Caption-style text data:
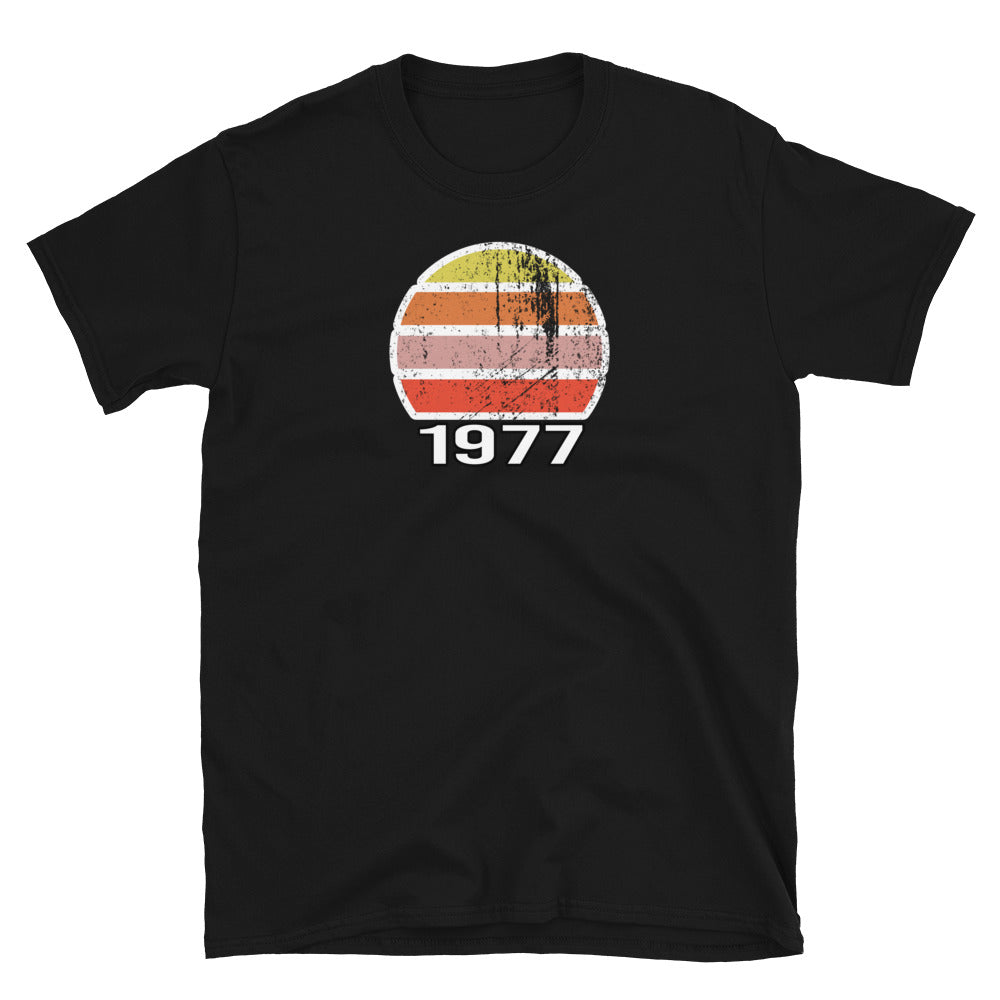 1977 Birthday Year Vintage Style Short-Sleeve Unisex T-Shirt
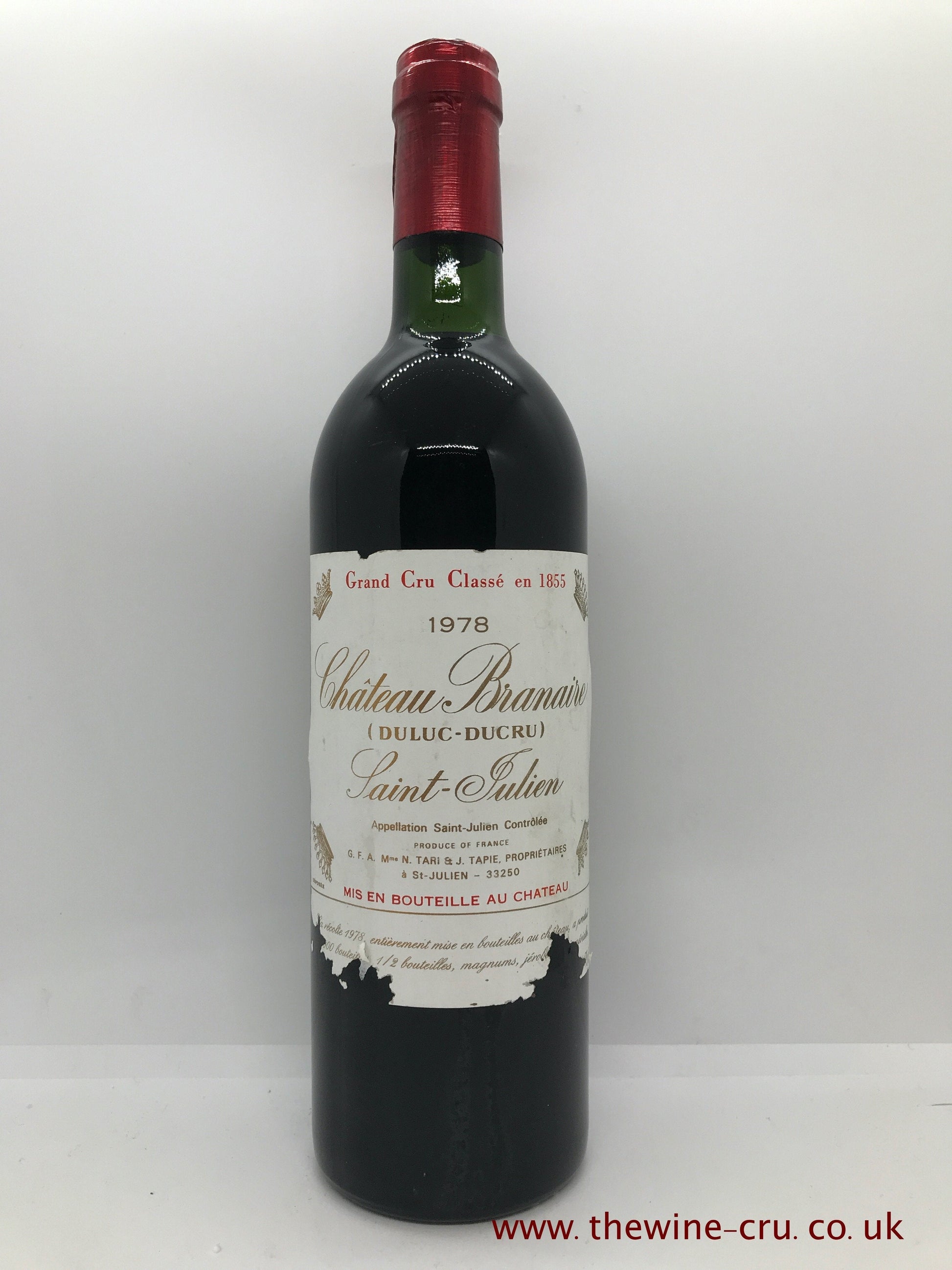 Chateau Branaire 1978 Bordeaux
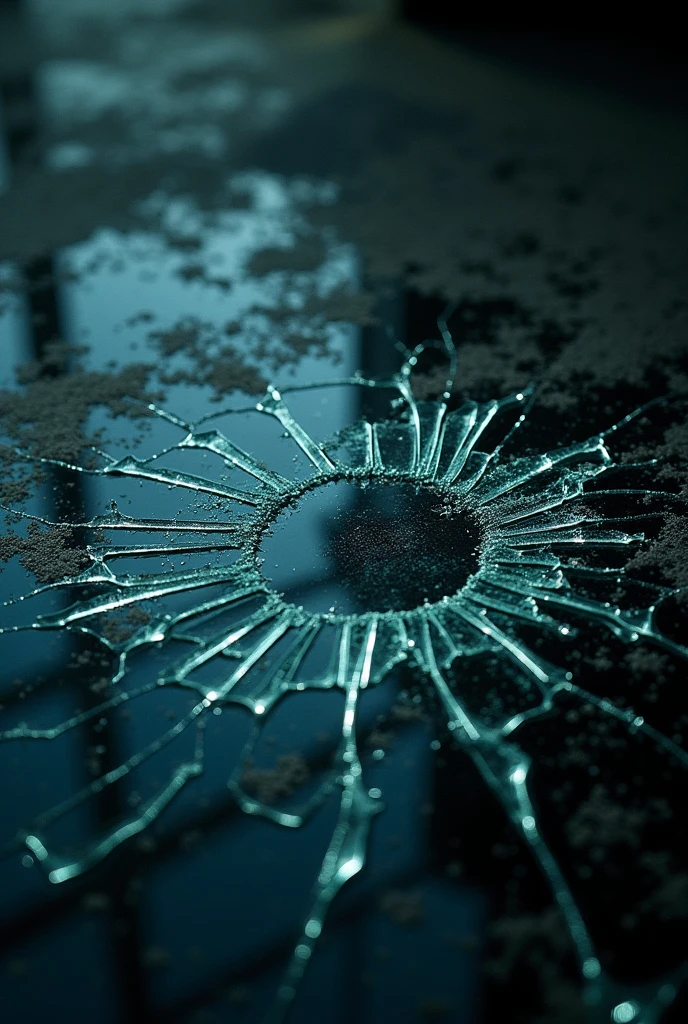 Shattered Glass: A broken mirror or window, symbolizing the destruction of trust or a fractured relationship.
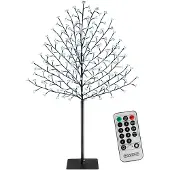 Monzana Kirschblütenbaum 180 cm 200 LED Kaltweiß Außen Innen Lichterbaum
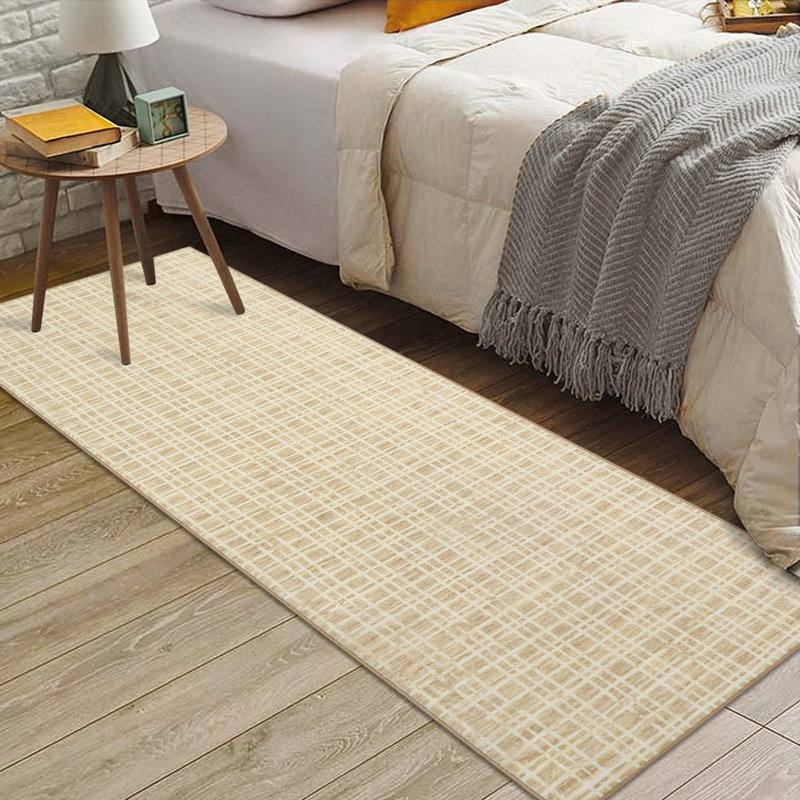 Indoor Modern Geometric Area Rug Washable Low Pile Soft Carpet for Home Decor, Runner 2' x 6'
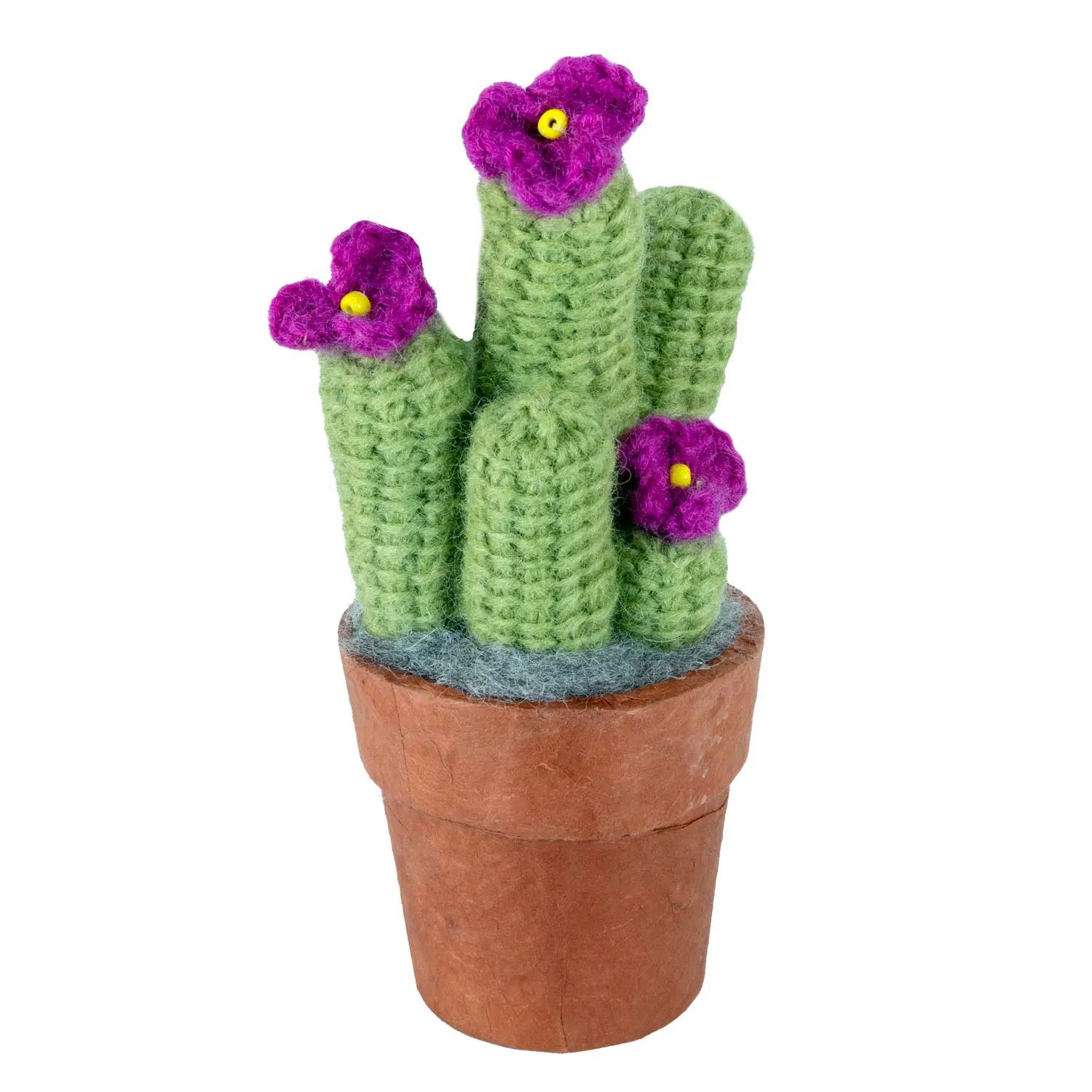 Crochet Ladyfinger Cactus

**TASK OBJECTIVE**
Omit every picture, and otherwise quote the entries exactly.

**RESPONSE BELOW**
 1977 Birthday Year Vintage Style Short-Sleeve Unisex T-Shirt
 Chateau Branaire 1978 Bordeaux
 Shattered Glass: A broken mirror or window, symbolizing the destruction of trust or a fractured relationship.
 Monzana Kirschblütenbaum 180 cm 200 LED Kaltweiß Außen Innen Lichterbaum
 Indoor Modern Geometric Area Rug Washable Low Pile Soft Carpet for Home Decor, Runner 2' x 6'
 Crochet Ladyfinger Cactus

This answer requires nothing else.